:: Your instructions ::
Please print exactly the lines from the line containing "Petite Talbots striped" through the end of the data, no more, and keep pictures out of the copy.
-- Data provided follows --
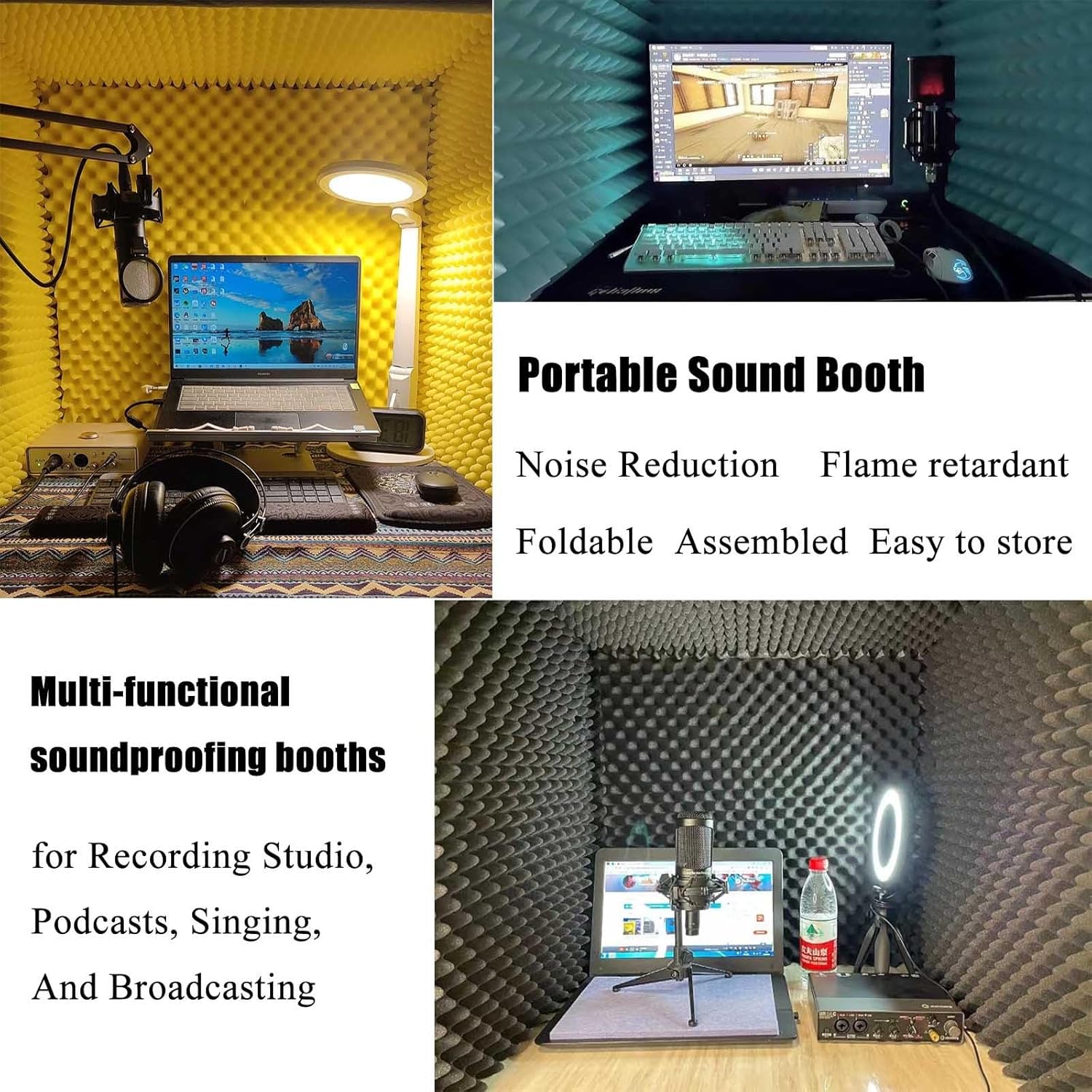 Portable Recording Studio, Microphone Desktop Soundproof Cover, Sound Absorbing Cover, for Studio Singing Broadcast (Red)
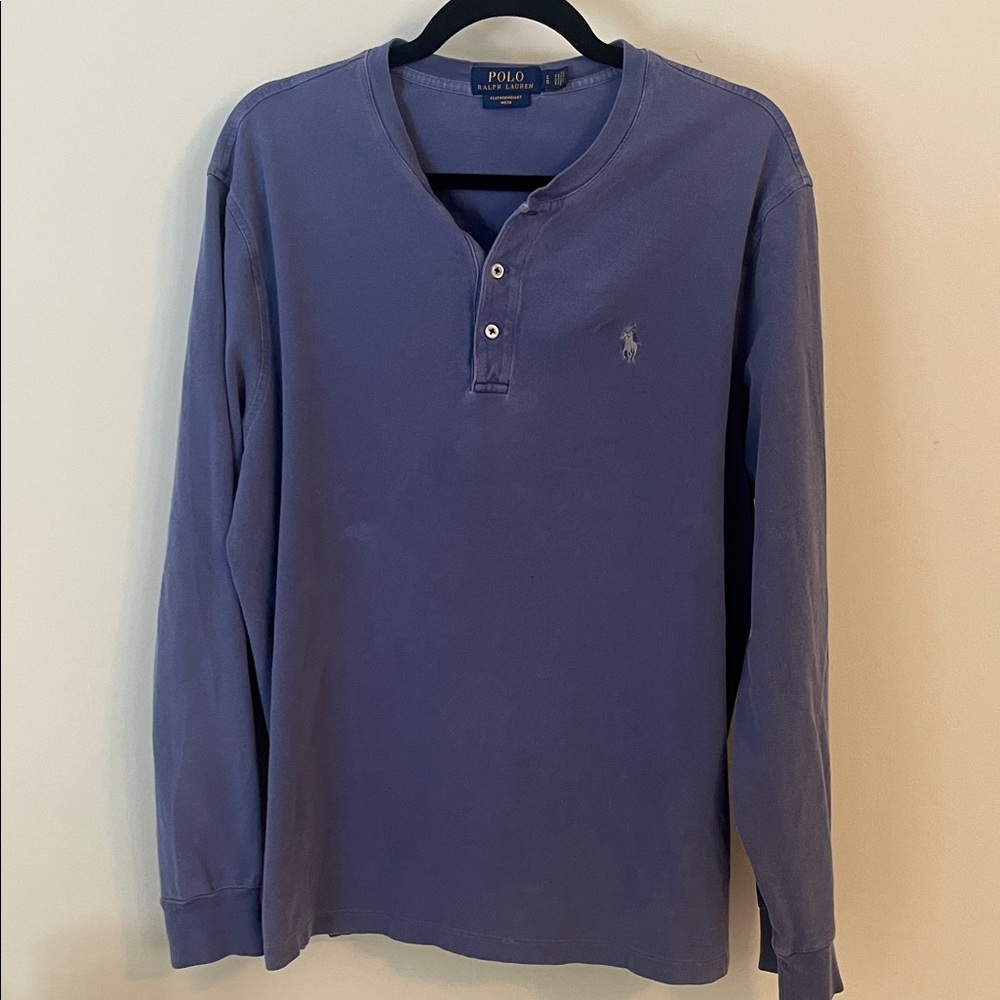 Vintage Polo by Ralph Lauren Men's Blue Long Sleeve Henley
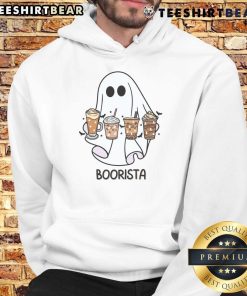 Cute Boorista Ghost Barista Hoodie featuring a playful ghost design, perfect for coffee lovers and cozy style.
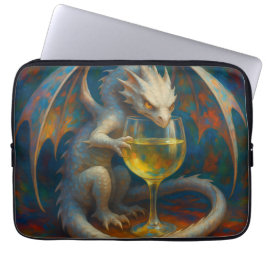 Süßer Elfenbeing-Drache & Weißwein-Fantasy-Kunst Laptopschutzhülle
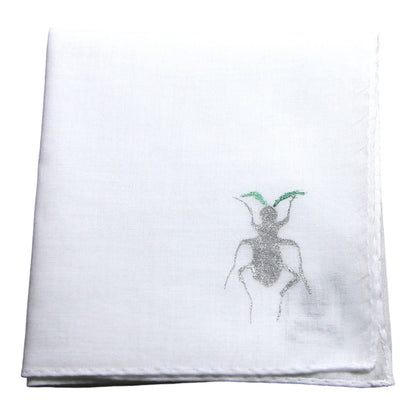 ハンミョウ ハンカチ ハンドプリント 白 ハンカチ シルバー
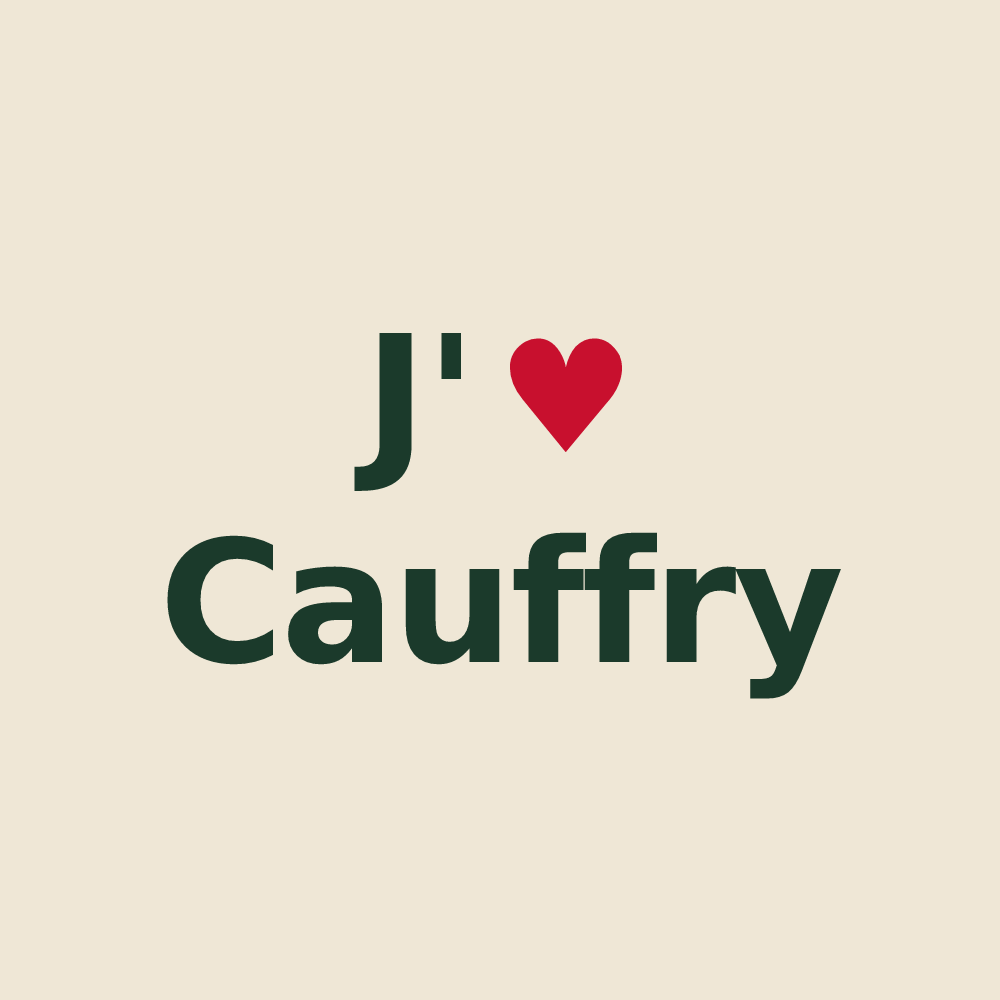 Tote bag personnalisé Cauffry — design J'aime Cauffry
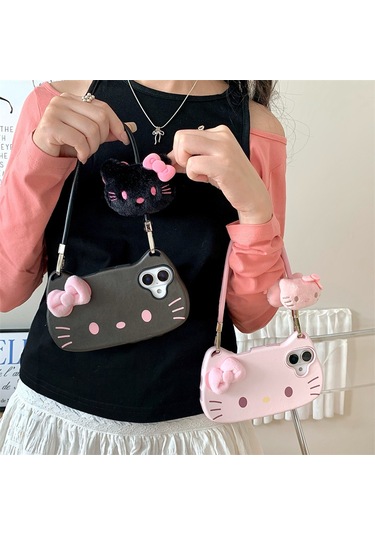Karikatür Hello Kitty Telefon Kılıfı İp14 Pro Siyah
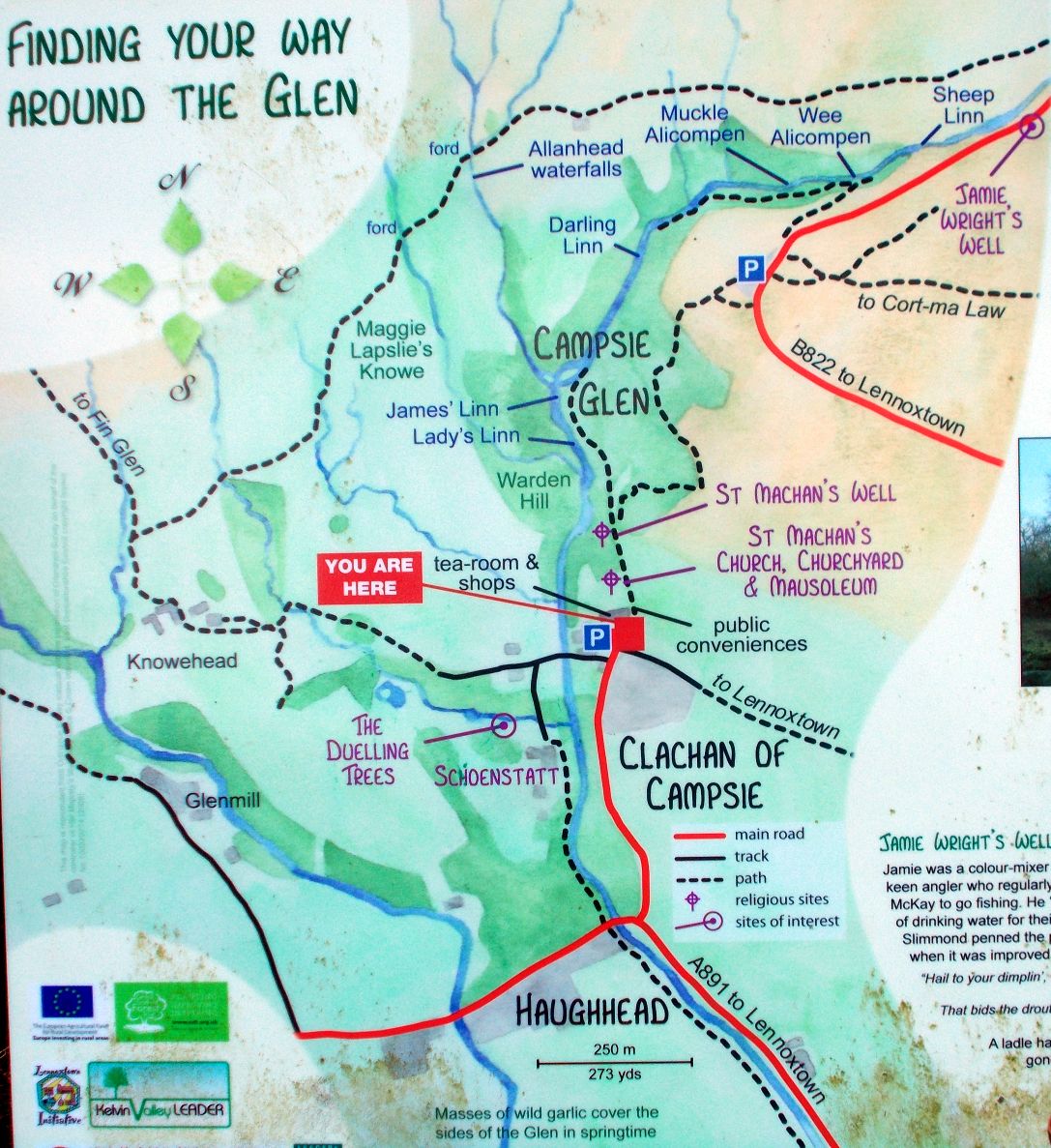 Map for Campsie Glen in the Campsie Fells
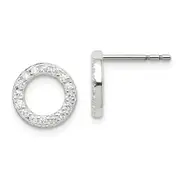 Sterling Silver Polished Cz Circle Post Earrings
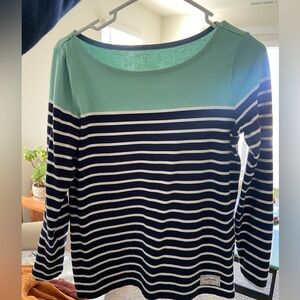 Petite Talbots striped top navy and teal blue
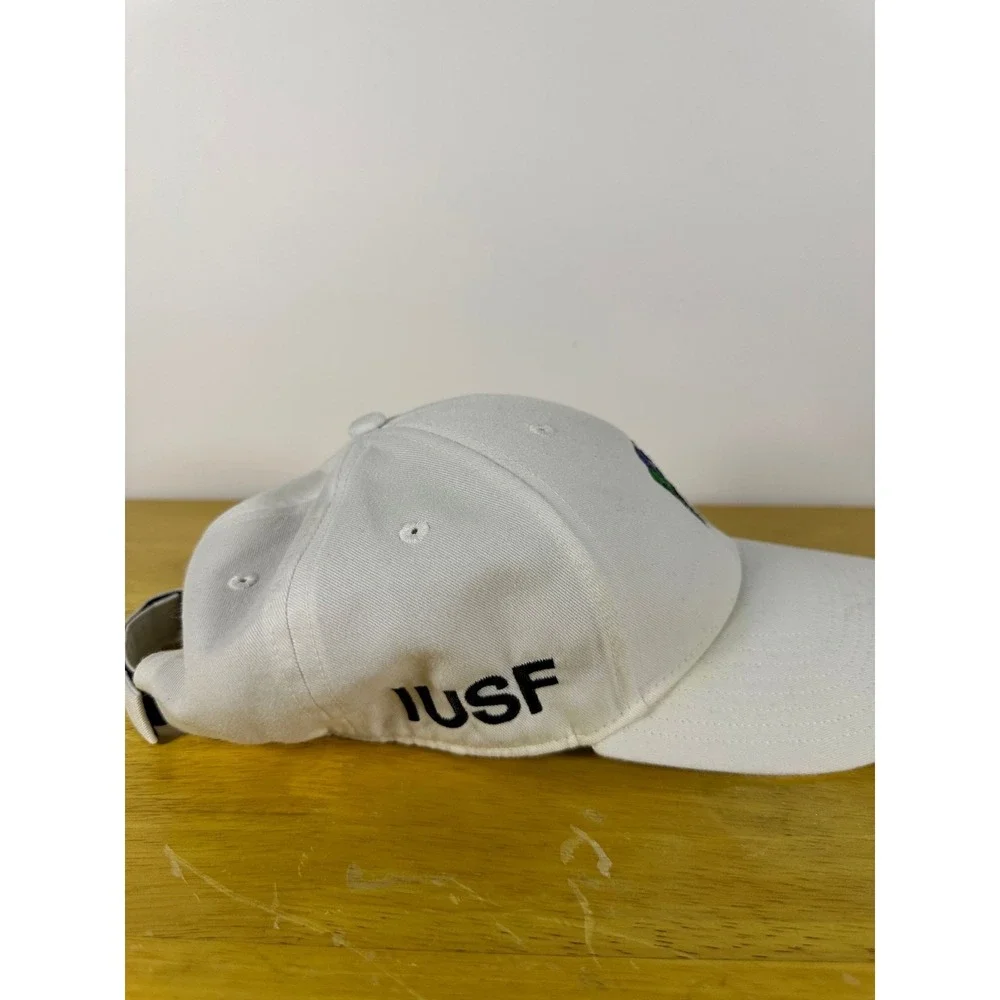 Adidas Hat Unisex One Size White Embroidered Wheel Checker USF Adjustable Strap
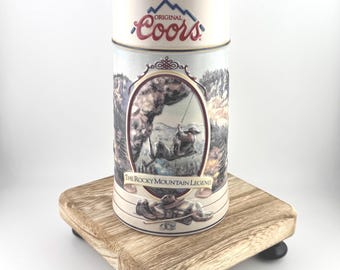 1994 Coors Mountain Climber Stein 4th in Series Rocky Mountain Legend Ceramarte Raised Relief Beer Mug Vintage Brewery Collectible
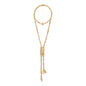 Collar de 54cm con piedras de 6mm, 2 rombos dorados, donas doradas - Joyería y bisutería fina
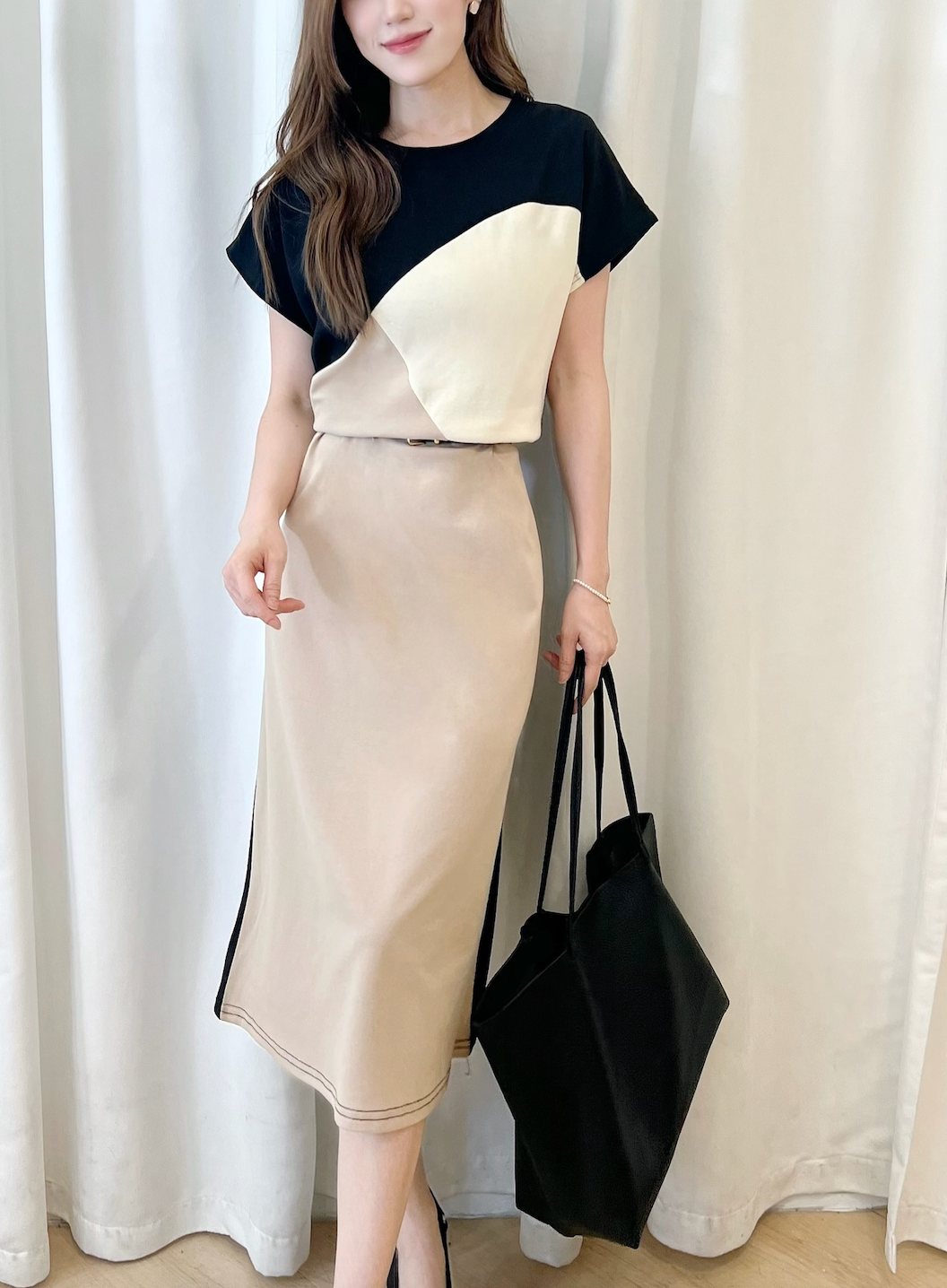 棉料短袖色塊長洋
-- Data provided concluded --
:: Reply ::
 Petite Talbots striped top navy and teal blue
 Adidas Hat Unisex One Size White Embroidered Wheel Checker USF Adjustable Strap
 1994 Coors Mountain Climber Stein 4th in Series Rocky Mountain Legend Ceramarte Raised Relief Beer Mug Vintage Brewery Collectible
 Collar de 54cm con piedras de 6mm, 2 rombos dorados, donas doradas - Joyería y bisutería fina
 棉料短袖色塊長洋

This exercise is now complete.